De la mano de muchos “Chicago Boys” han llegado las consultoras traídas de Gran Bretaña y Estados Unidos (desde la legendaria McKinsey hasta SH&E y Avia Solutions, por citar algunas) que contratan a despachos locales para que arrastren el lápiz, consigan los datos que les faltan y ellos repiten la consabida receta para luego estampar su firma. Y tras el módico pago de 3, 4 o 5 millones de dólares se retiran felices. Lo malo no es que esta sea una “práctica generalmente aceptada” en diversos países, sino que sigamos comprándoles supuesta asesoría y cambiando el oro por espejitos.

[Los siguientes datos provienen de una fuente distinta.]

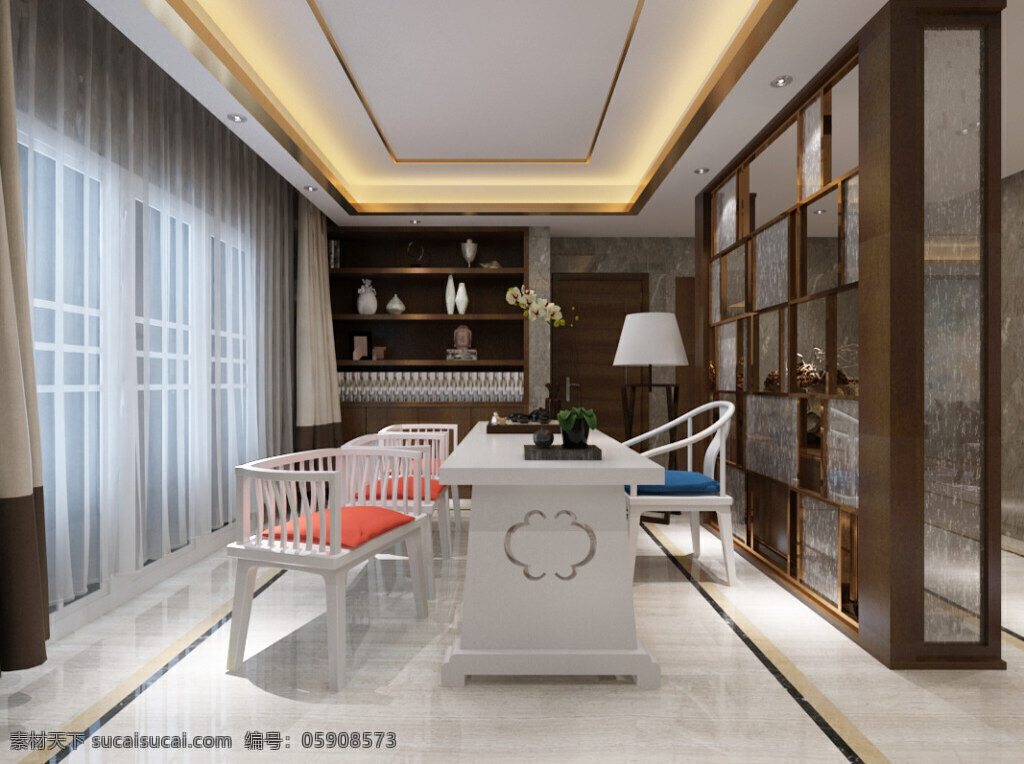 新 中式 茶 间 效果图 源文件 新中式 茶间效果图 源文件下载 新中式天花 新中式隔断 新中式茶桌 新中式酒柜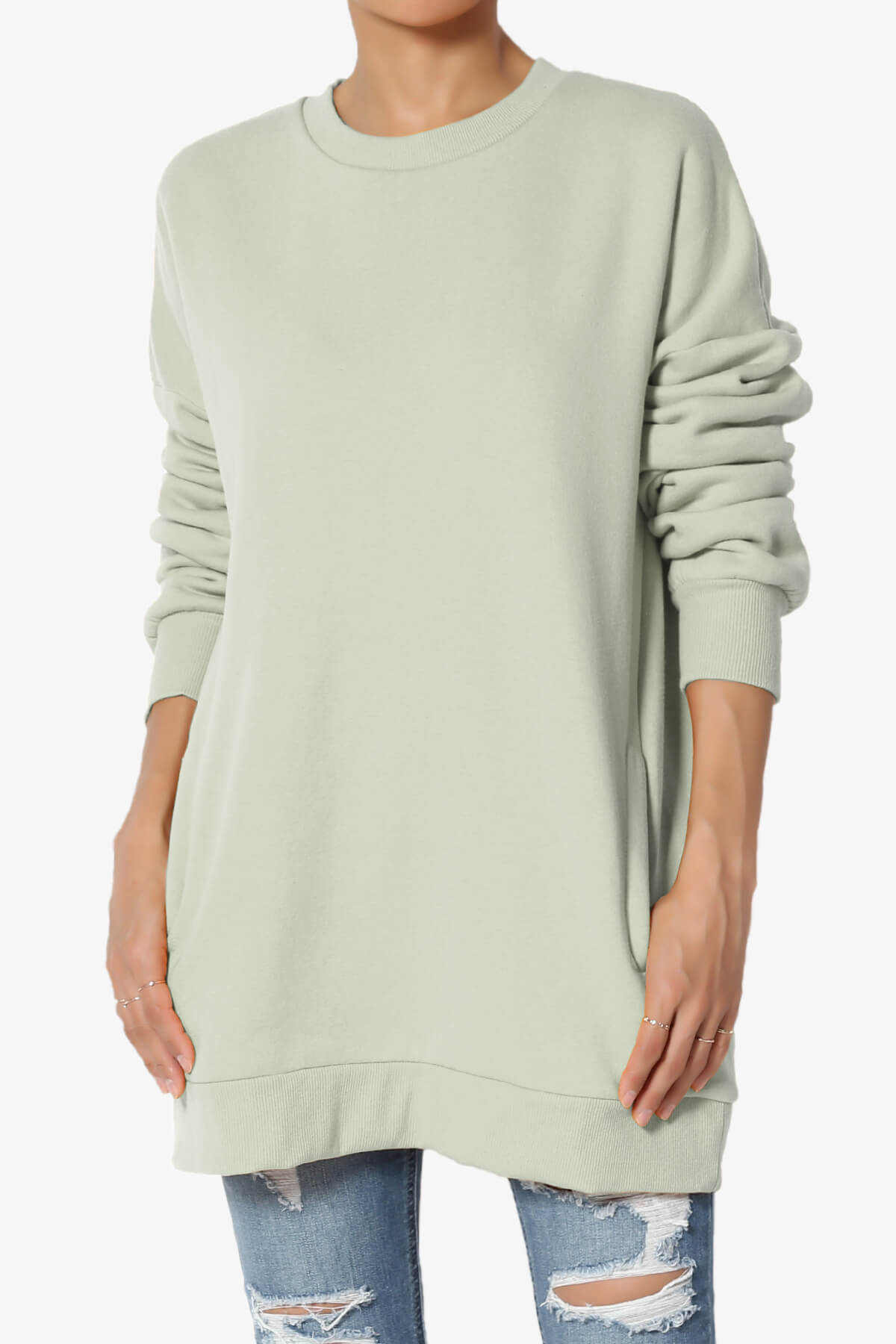 Accie Crew Neck Pullover Sweatshirts LIGHT SAGE_1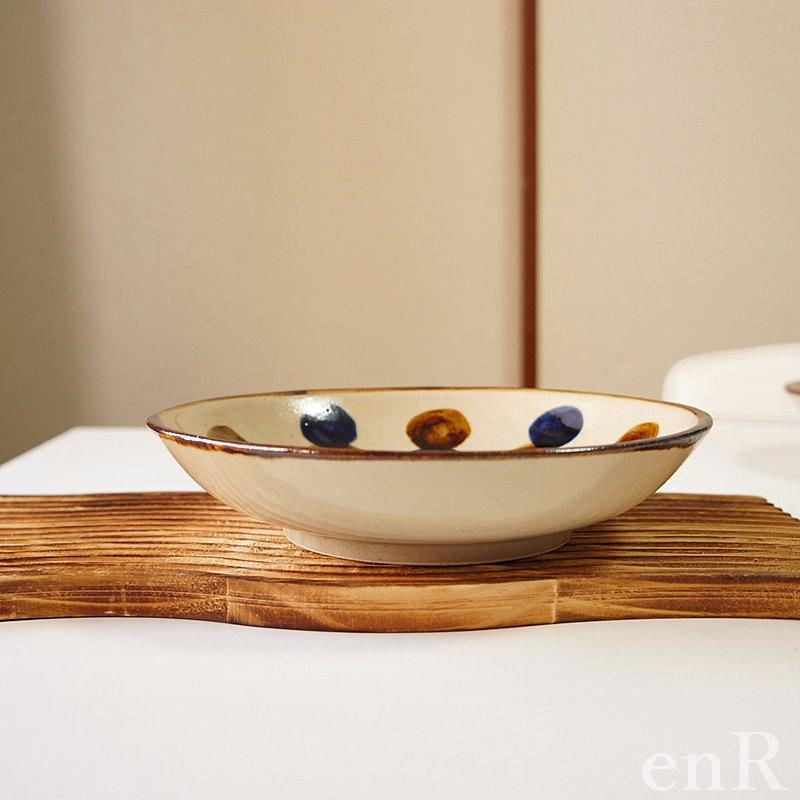 やちむん 皿 7寸皿 点打ち 飴コバルト ドット チャンプルー皿 中城窯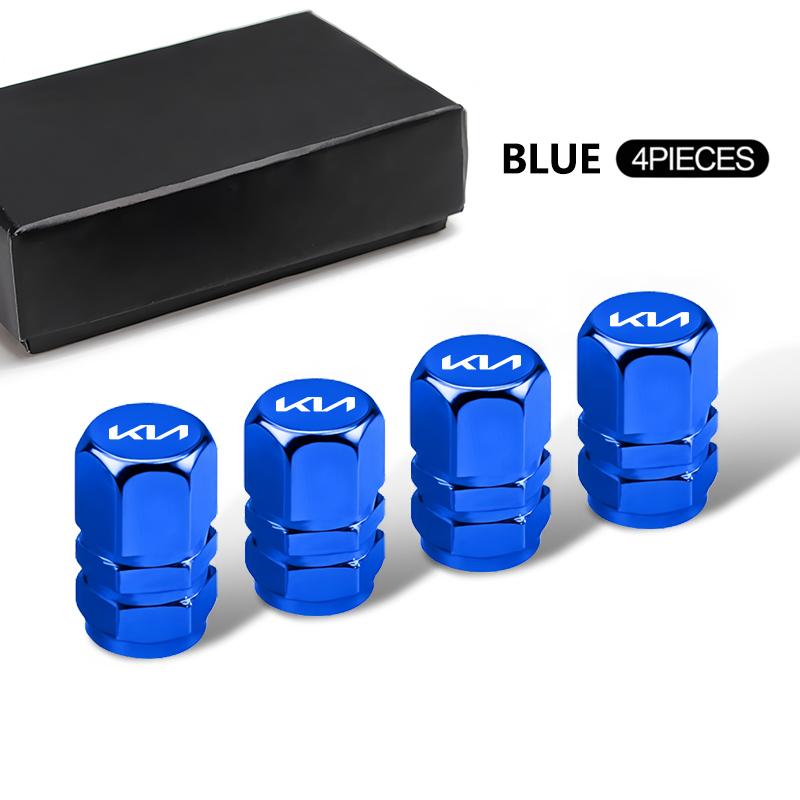 4Pcs Car Tire Valve Caps Aluminum Alloy Stem Cover For KIA K3 Sportage Carnival K5 Seltos Pegas KX1 EV5 Sonet EV6 K4 EV3 Ceed K8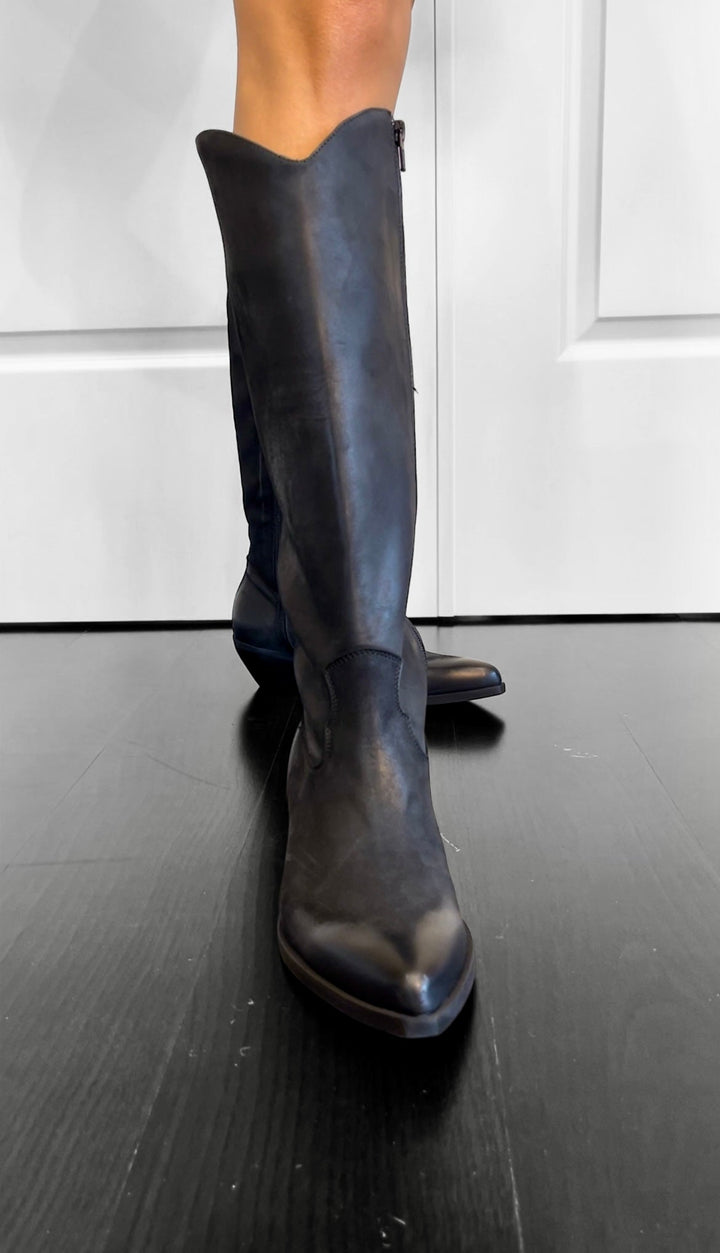 Stivali Texani Browny - Vera Pelle Made In Italy - PinUp Shoes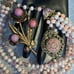 Vintage Jewelry Moonglow Flower Brooch White Angel Skin Coral Bead Necklace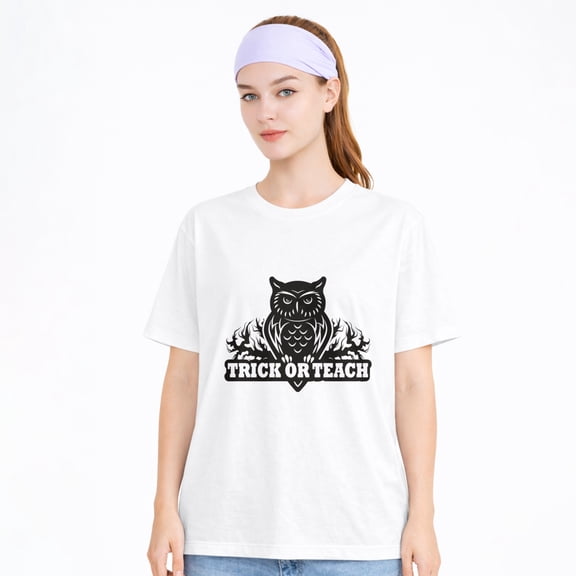 Unisex Cotton T-Shirt Trick Or Teach Owl Teacher Graphic Tee, Casual School Halloween Shirt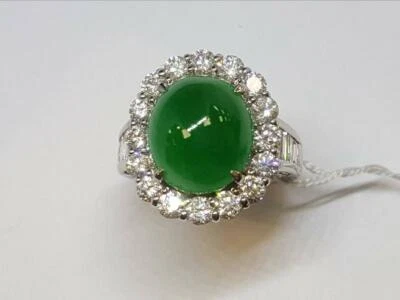 Burma Imperial Green 7.24CT Jadeite Jade & Shiny White 2.05CT White Zircon Ring - Image 1 of 4
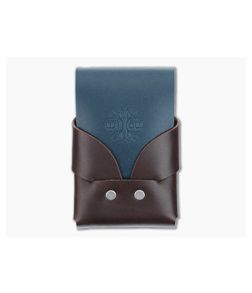 Willow Craft Goods Slim Swaddle Leather Wallet Dark Mahogany And Ocean Blue Colorway WCG-04 - WCG-04 1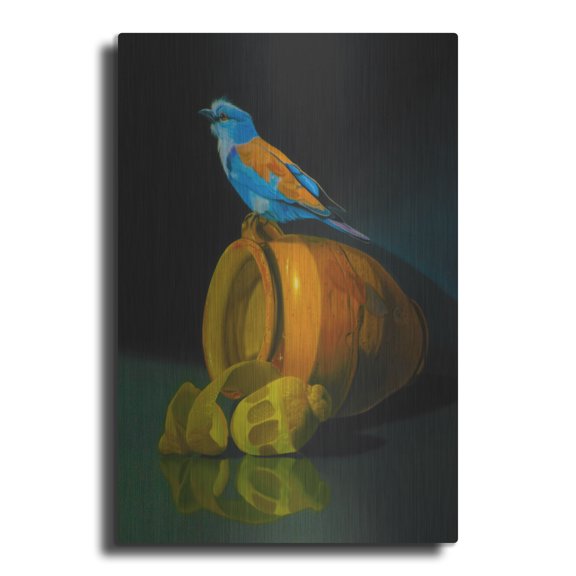 Luxe Metal Art 'The European Rollet And The Provencal Pot' by Valery Vecu Quitard, Metal Wall Art, 12"x16"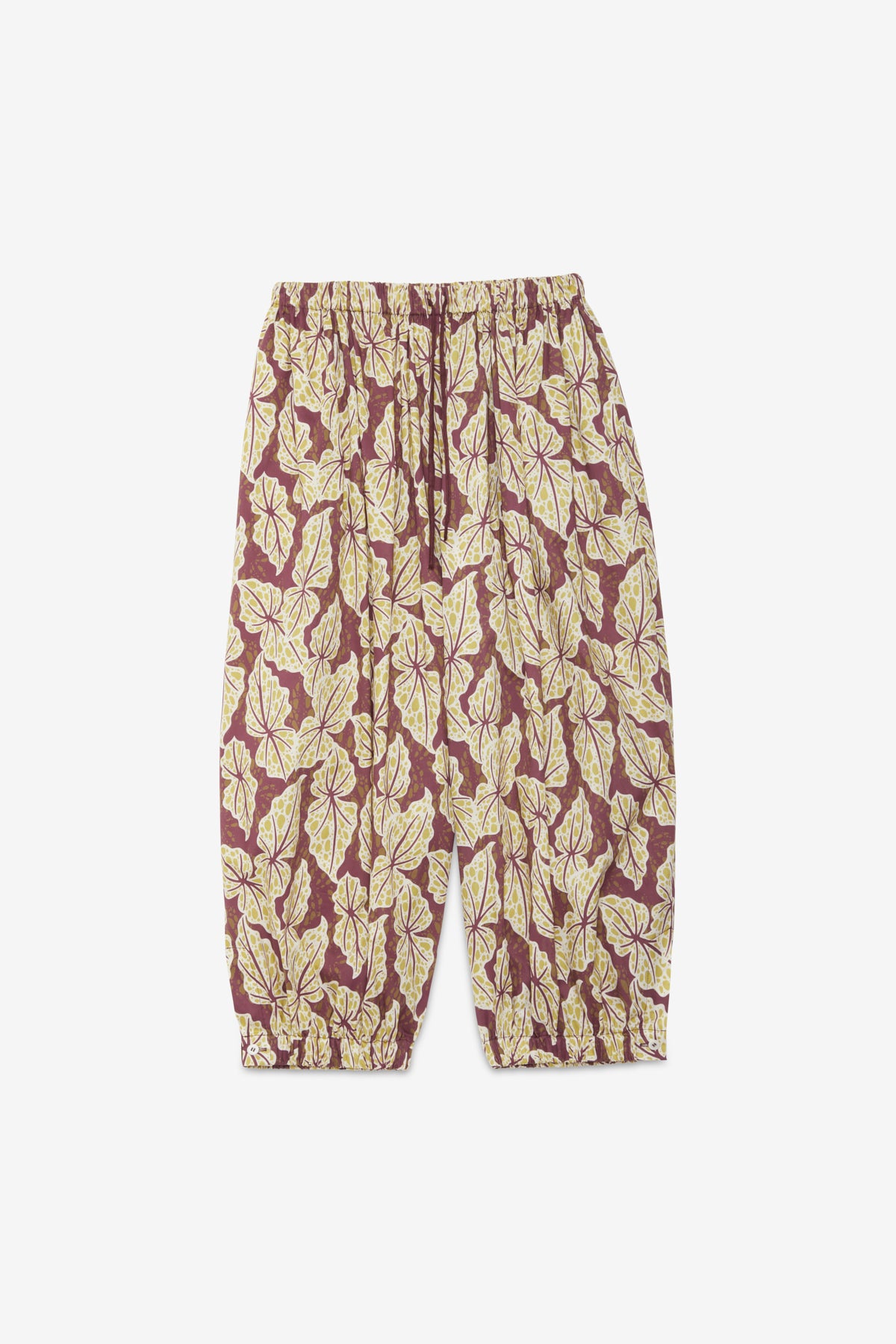 Leaf Print Cropped Jogger Pants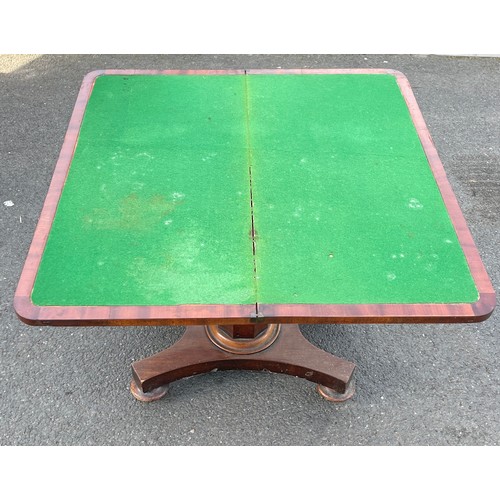 444 - Victorian mahogany card table, in need of re-polishing, approximate measurements: Height 28.5 inches... 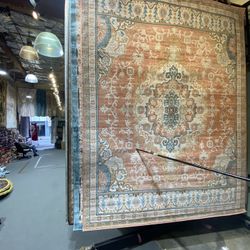 8x10 Area Rugs Carpet Rugs Persian Desgin Thick Colors Rust Beige Blue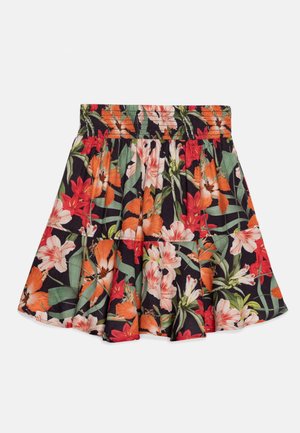 Jupe évasée avec taille élastique présentant un motif floral coloré de fleurs rouges, orange et blanches sur fond noir.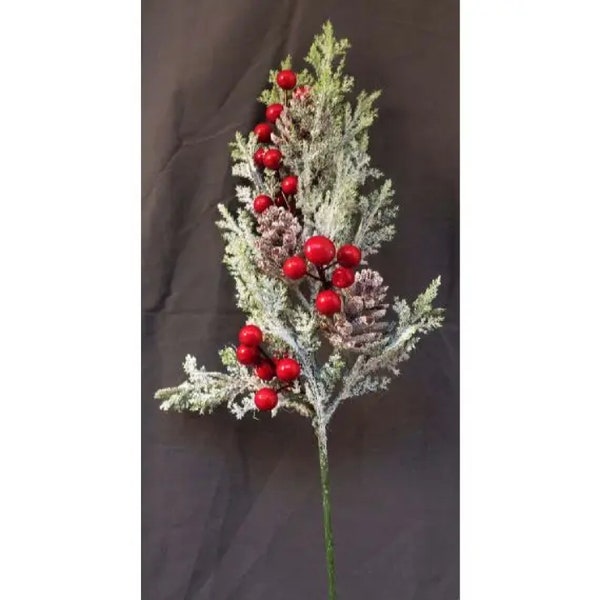 Christmas Evergreen Pick, Greenery, Christmas spray, flocked pinecone cedar spray, 18 " Red Berry, winter spray, pinecone and red berry pick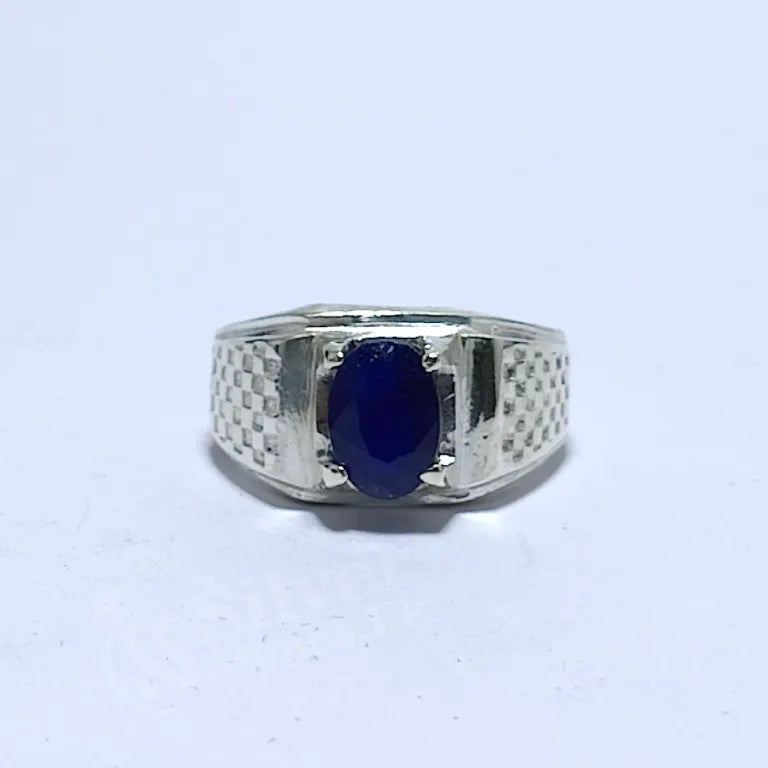 Real Blue Sapphire (Neelam) Silver Ring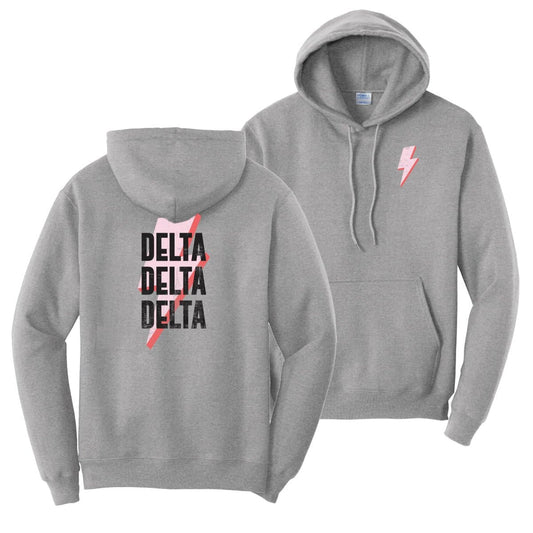 New! Tri Delta Lightning Bolt Hoodie | Delta Delta Delta | Sweatshirts > Hooded sweatshirts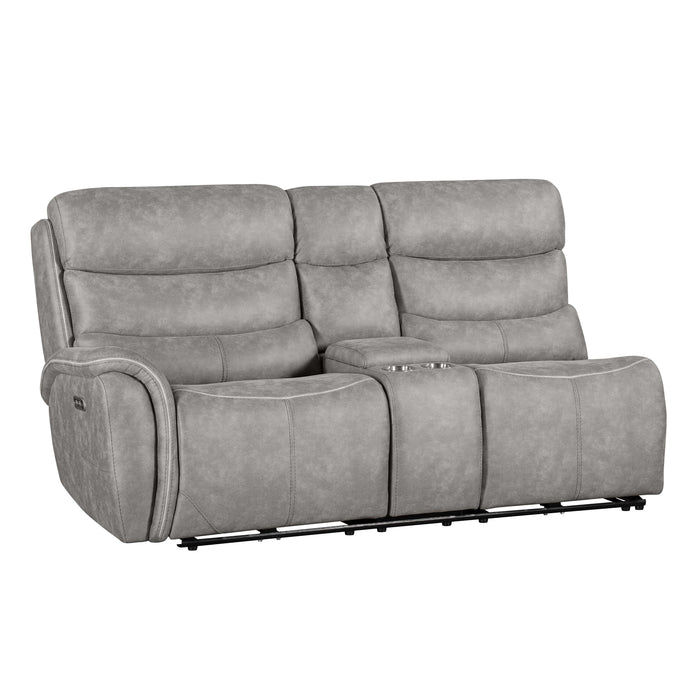KAMARI RAF LOVESEAT W/ONE RECLINER-GRAY - Visions in Furniture (La Mirada, CA)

Quinientos años no nos han bastado para darnos cuenta de lo ruinoso que resulta el intercambio.
De este modo, nos han vendido las “ventajas” de la apertura, la “necesidad” de abrir los cielos, los “beneficios” de dar todo a cambio de nada. Y nuestros políticos hacen el ridículo firmando aquí y allá tratados y convenios que sólo regalan nuestras posibilidades y no obtienen nada a cambio.
En el caso de la aviación, es obvio que ya existe un marco demasiado abierto que no se aprovecha como para que se siga diciendo que hay que buscar un acuerdo de cielos abiertos. Hay más de 40 convenios bilaterales (el de Estados Unidos es amplísimo) que están subutilizados y que podrían aprovecharse al máximo, especialmente si tuviéramos una política de Estado, que apoye a la aviación nacional, que esté pensada para beneficiar a los mexicanos.
Para eso sería necesario que nuestros políticos pensaran en el país. Ahí tenemos más de 400 profesionales de la aviación que le costaron al país, que tienen más de 15 mil o 20 mil horas de experiencia y son de altísima calidad, que ahora trabajan para aerolíneas de China y de países árabes… ¿pues qué somos tan ricos como para estar subsidiando a estas naciones con la preparación intensiva de técnicos de alta especialización que ellos aprovechan y los mexicanos no? No cabe duda: este es el mundo al revés.
Hoy tenemos la posibilidad de corregir el rumbo y de enmendar los muchos errores que se han cometido, pero es indispensable que haya rumbo, mando, visión y capacidad de crear consensos. No es mucho pedir, ¿o sí?